Work to be completed: A verbatim copy of the data is wanted, minus any picture in it.

Data block:
========
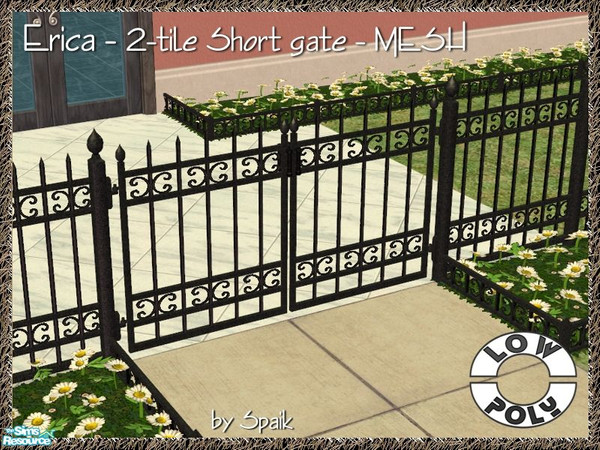 Sims 2 — Erica - 2-tile Short Gate - MESH by Spaik — Small gate, two-tiles wide, in wrought iron, with curvy details. Low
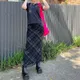 Jupes mi-longues gothiques à carreaux noirs pour femmes E-Girl Aesthetic A-Line Grunge Mesh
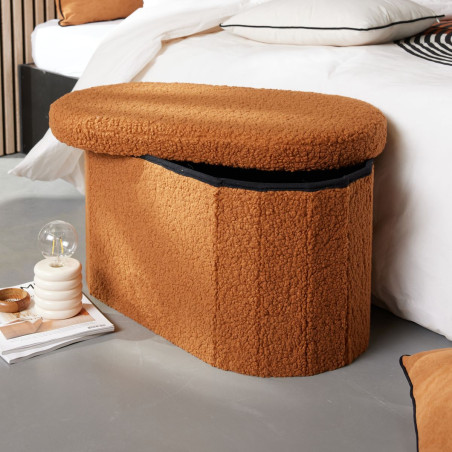 Banc coffre pliable ovale Bouclette "Teddy Moka" La Factory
========
Written solution:
 Sims 2 — Erica - 2-tile Short Gate - MESH by Spaik — Small gate, two-tiles wide, in wrought iron, with curvy details. Low
 Jupes mi-longues gothiques à carreaux noirs pour femmes E-Girl Aesthetic A-Line Grunge Mesh
 Banc coffre pliable ovale Bouclette "Teddy Moka" La Factory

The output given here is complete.